Excluding some items, the loss grew to 15 cents a share last quarter, the Huntington Beach, California-based company said yesterday in a statement. Analysts had estimated a 2-cent loss on average, according to data compiled by Bloomberg. Revenue declined 11 percent to $408 million, missing the $448.8 million predicted by analysts.

Quiksilver is facing shrinking sales in North America and Europe -- a trend the company expects to continue through the second half of fiscal 2014, which ends in October. The company also is competing more with independent boutiques and niche online retailers. Following the earnings report, analysts at Stifel Financial Corp. and other firms downgraded the stock.

“You’re still seeing some weakness in the core brands they own -- they’ve become quite tired,” said Erinn Murphy, a Houston-based analyst at Piper Jaffray. “In an industry that’s seeing a lot of competition from up-and-coming brands, it’s hard to maintain that authenticity. At this point, it’s fairly bleak.”

She has the equivalent of a hold rating on the shares.

Stock Nosedive

The shares tumbled 41 percent to $3.41 at the close in New York, the biggest decline since the company’s initial public offering in 1986. The stock has dropped 61 percent this year, dragged down by concern the company is struggling to turn around the business.

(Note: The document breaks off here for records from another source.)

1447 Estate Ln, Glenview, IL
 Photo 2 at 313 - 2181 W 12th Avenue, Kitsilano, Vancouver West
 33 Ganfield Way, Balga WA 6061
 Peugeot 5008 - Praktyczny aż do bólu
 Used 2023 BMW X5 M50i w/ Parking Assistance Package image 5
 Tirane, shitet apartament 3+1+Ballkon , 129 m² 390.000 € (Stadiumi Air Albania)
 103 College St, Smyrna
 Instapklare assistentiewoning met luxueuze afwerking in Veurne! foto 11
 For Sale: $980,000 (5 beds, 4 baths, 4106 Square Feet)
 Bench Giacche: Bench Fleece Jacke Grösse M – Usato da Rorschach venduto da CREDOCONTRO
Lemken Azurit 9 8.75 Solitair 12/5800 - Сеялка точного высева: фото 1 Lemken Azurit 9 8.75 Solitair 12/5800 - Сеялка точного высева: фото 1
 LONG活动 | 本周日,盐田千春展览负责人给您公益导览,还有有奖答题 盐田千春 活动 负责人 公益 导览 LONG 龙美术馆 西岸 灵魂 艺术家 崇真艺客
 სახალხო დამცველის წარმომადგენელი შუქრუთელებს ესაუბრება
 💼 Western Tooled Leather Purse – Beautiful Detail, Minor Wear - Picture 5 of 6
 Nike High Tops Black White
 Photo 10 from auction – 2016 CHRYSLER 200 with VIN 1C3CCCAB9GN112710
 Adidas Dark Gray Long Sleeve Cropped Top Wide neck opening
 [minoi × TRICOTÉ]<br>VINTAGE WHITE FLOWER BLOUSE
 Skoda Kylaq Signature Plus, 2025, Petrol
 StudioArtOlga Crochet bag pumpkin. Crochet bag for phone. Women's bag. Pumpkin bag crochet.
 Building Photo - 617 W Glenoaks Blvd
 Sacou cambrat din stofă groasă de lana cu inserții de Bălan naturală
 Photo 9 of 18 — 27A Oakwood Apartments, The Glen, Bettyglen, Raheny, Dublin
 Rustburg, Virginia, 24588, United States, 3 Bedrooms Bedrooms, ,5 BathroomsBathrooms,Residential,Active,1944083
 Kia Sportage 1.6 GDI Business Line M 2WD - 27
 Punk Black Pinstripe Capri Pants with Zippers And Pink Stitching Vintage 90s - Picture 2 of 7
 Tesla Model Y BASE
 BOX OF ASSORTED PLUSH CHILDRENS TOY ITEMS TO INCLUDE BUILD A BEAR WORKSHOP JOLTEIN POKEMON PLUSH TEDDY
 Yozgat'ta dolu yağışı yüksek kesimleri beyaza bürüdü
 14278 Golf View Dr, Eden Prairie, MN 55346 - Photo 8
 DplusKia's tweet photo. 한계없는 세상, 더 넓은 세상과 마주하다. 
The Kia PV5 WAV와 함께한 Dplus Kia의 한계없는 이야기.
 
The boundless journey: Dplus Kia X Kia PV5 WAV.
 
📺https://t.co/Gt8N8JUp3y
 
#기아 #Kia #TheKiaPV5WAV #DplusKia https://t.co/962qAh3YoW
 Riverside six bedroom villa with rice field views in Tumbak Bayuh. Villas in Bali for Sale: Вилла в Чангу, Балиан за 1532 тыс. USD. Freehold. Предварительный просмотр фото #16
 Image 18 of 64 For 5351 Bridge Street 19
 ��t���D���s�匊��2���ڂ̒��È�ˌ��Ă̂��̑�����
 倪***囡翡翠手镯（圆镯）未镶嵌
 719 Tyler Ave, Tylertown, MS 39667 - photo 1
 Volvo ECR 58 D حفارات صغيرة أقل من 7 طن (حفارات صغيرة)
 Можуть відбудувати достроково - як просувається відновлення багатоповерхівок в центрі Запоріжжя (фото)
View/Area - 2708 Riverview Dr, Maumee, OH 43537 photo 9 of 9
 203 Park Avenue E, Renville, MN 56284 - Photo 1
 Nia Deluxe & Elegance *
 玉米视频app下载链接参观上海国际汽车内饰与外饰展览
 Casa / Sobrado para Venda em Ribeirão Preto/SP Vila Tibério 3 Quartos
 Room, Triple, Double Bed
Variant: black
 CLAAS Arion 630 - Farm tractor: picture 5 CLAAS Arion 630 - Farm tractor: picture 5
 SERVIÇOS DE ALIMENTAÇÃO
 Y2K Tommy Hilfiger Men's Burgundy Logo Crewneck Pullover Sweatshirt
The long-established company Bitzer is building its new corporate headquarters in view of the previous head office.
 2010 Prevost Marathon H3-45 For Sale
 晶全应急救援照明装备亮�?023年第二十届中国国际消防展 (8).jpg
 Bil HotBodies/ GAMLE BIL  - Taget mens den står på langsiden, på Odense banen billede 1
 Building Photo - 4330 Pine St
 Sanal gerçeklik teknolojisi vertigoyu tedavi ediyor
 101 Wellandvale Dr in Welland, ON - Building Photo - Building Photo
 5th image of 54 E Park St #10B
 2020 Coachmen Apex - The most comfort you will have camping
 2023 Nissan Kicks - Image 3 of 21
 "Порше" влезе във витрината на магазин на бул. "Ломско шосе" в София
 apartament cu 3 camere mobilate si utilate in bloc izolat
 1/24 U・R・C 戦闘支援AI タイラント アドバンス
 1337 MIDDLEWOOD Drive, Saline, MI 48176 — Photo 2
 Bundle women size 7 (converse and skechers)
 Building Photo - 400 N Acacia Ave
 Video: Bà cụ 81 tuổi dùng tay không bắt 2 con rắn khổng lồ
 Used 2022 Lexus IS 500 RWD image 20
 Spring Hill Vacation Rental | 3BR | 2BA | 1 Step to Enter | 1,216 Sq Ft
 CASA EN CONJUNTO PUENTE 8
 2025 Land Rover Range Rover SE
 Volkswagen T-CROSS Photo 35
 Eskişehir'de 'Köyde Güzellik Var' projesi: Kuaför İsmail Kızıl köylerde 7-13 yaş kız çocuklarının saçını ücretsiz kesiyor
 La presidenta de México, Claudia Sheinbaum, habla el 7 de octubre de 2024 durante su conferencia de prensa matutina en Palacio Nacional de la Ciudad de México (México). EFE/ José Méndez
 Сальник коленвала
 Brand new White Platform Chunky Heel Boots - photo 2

While sales from Quiksilver’s stores were flat last quarter, they performed better than its wholesale business, which sells clothes to other retailers. In the past 12 months, 20 percent of the company’s smaller U.S. wholesale accounts closed, Chief Executive Officer Andrew Mooney said on a conference call.

Total wholesale revenue fell 15 percent to $286 million last quarter. E-commerce sales, meanwhile, increased 23 percent to $30 million.

While Quiksilver tries to rekindle the allure of its brands, it may be able to cut costs by consolidating vendors and streamlining the number of products it sells, Murphy said.

The company also is expanding its athlete product collaborations, including one with professional street skateboarder Nyjah Huston, which is the largest partnership in the retailer’s history. As part of that rollout, a shoe will debut this quarter with a “significant” marketing campaign, Mooney said on the call.